--- PROBLEM REQUIREMENTS ---
Beginning with the first entry, restate the data word for word and leave out the images.

[Opening RECORDED INFORMATION section]

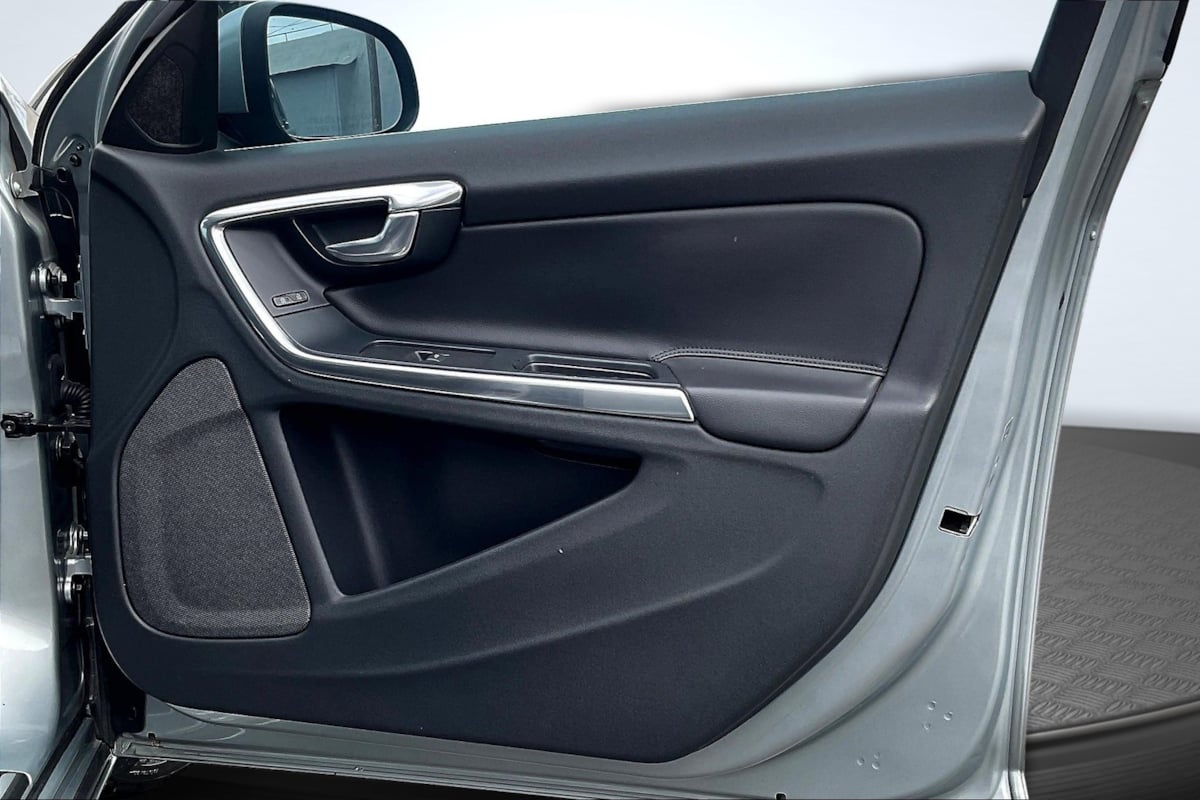 2013 Volvo S60 T5 photo 23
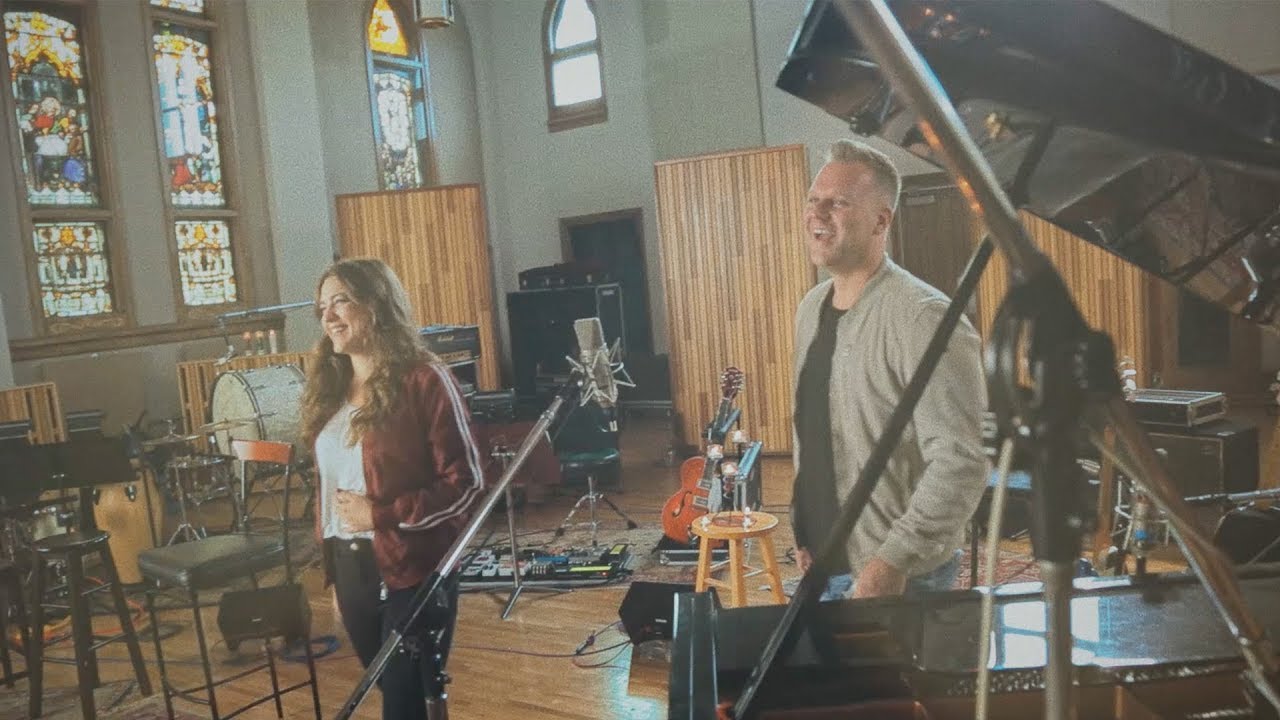 Leanna Crawford - Fragile Heart (Acoustic)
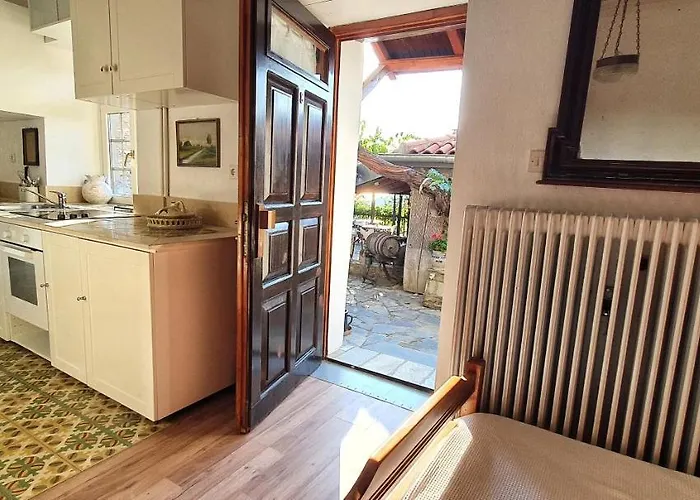 Guesthouse Parthenon Apartahotel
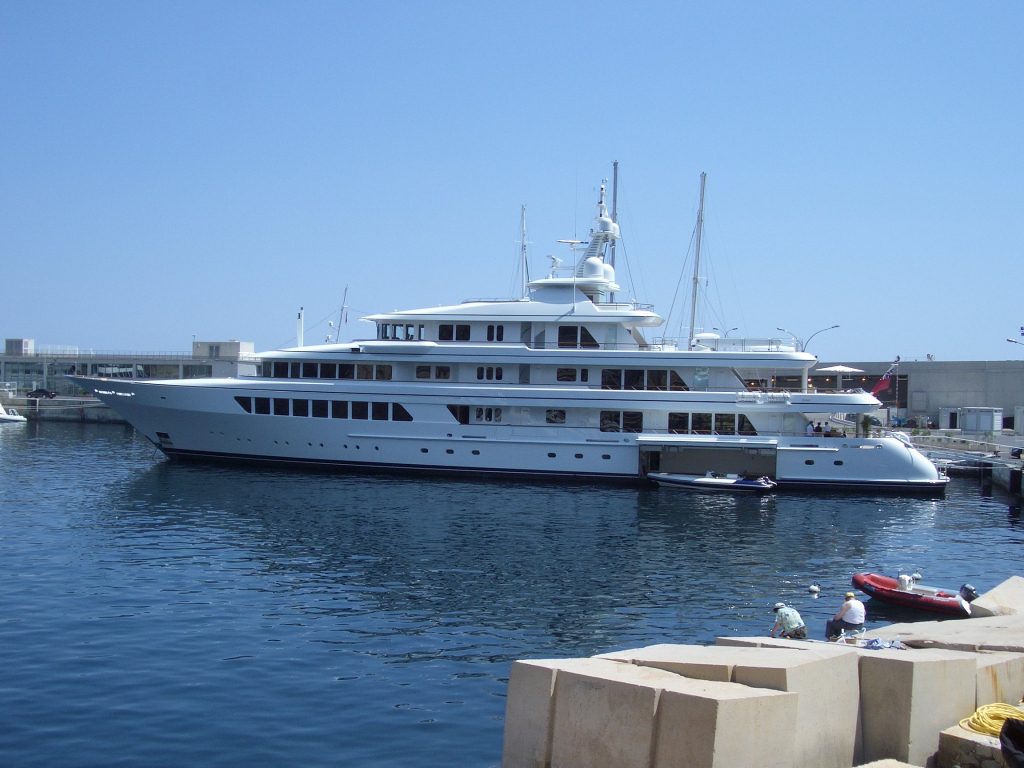 Яхта UTOPIA • Feadship • 2004 • Владелец Билл Миллер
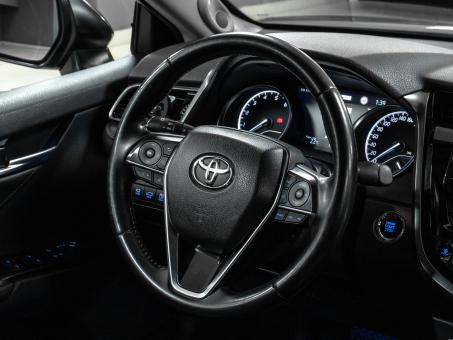 Toyota Camry V6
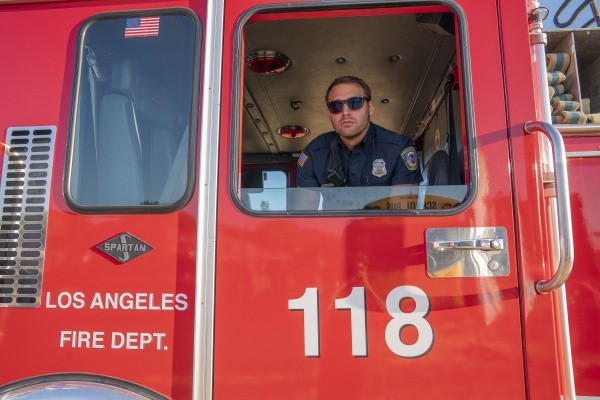Le pompier Eddie Diaz (Ryan Guzman) attend dans le camion des pompiers de la caserne 118 de Los Angeles, où il attend le lancement de l'intervention des collègues.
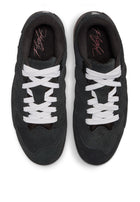 Jordan Session Shoes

[Closing RECORDED INFORMATION section]

--- TASK RESPONSE ---
 2013 Volvo S60 T5 photo 23
 Leanna Crawford - Fragile Heart (Acoustic)
 Guesthouse Parthenon Apartahotel
 Яхта UTOPIA • Feadship • 2004 • Владелец Билл Миллер
 Toyota Camry V6
Le pompier Eddie Diaz (Ryan Guzman) attend dans le camion des pompiers de la caserne 118 de Los Angeles, où il attend le lancement de l'intervention des collègues.
 Jordan Session Shoes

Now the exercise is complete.